[Records to process]
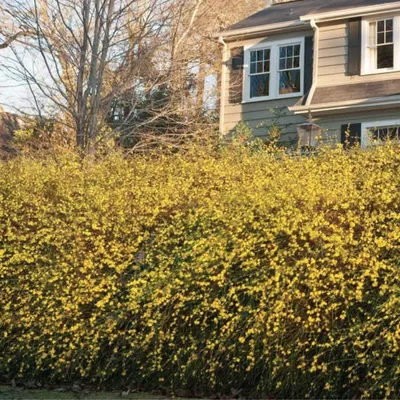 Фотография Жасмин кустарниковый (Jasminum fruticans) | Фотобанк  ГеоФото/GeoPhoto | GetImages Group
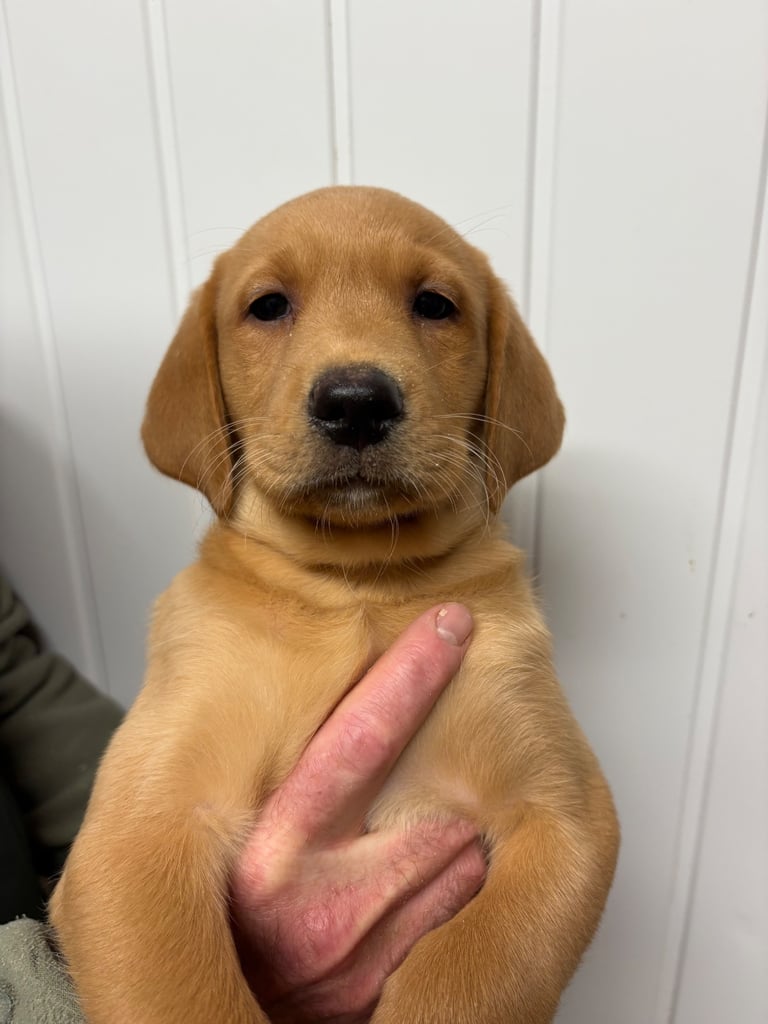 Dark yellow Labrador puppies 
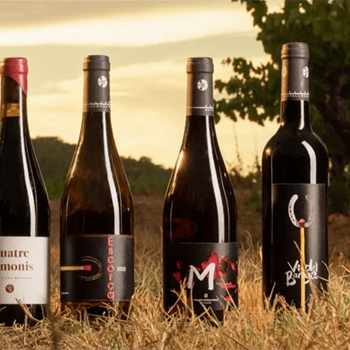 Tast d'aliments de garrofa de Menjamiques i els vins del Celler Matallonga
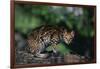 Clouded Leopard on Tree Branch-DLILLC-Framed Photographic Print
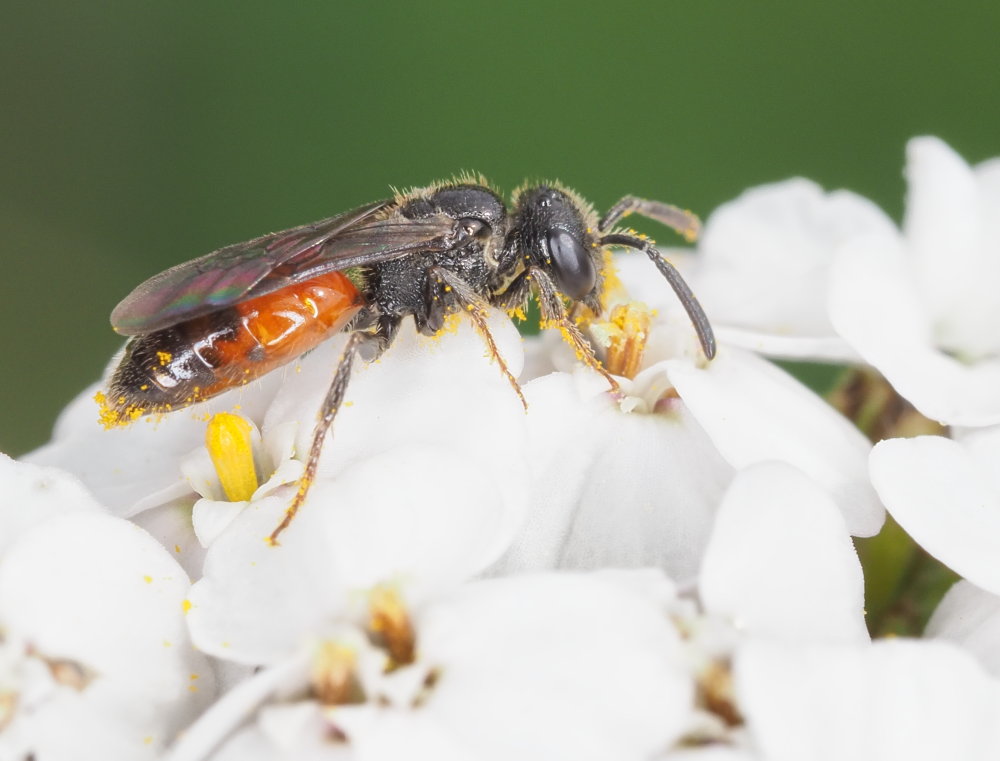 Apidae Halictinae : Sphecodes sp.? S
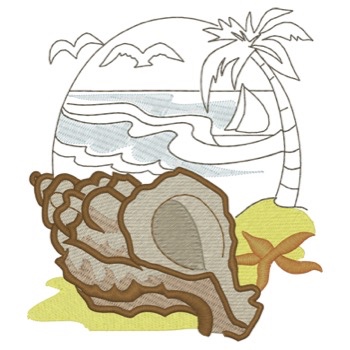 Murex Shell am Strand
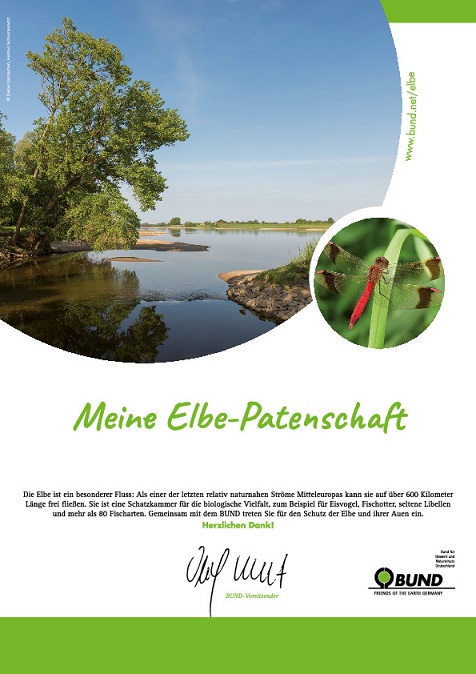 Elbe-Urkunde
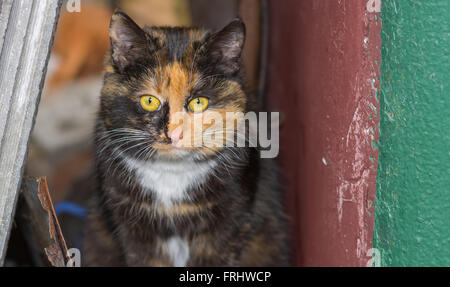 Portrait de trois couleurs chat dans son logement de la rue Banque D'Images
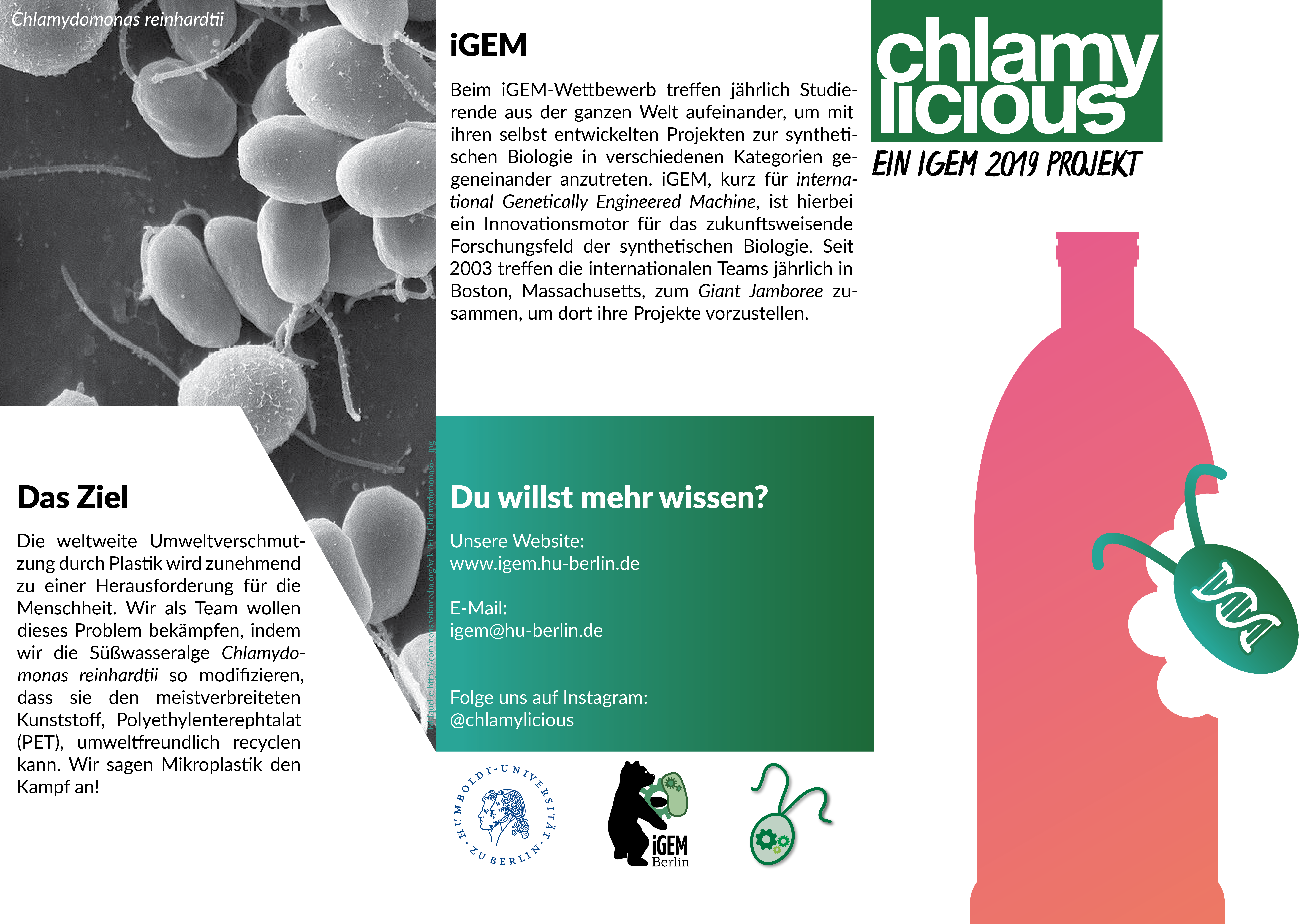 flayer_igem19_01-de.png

[Exercise prompt] Your reply should be the entries copied exactly, with all images omitted.

[Response area]
 Фотография Жасмин кустарниковый (Jasminum fruticans) | Фотобанк  ГеоФото/GeoPhoto | GetImages Group
 Dark yellow Labrador puppies 
 Tast d'aliments de garrofa de Menjamiques i els vins del Celler Matallonga
 Clouded Leopard on Tree Branch-DLILLC-Framed Photographic Print
 Apidae Halictinae : Sphecodes sp.? S
 Murex Shell am Strand
 Elbe-Urkunde
 Portrait de trois couleurs chat dans son logement de la rue Banque D'Images
 flayer_igem19_01-de.png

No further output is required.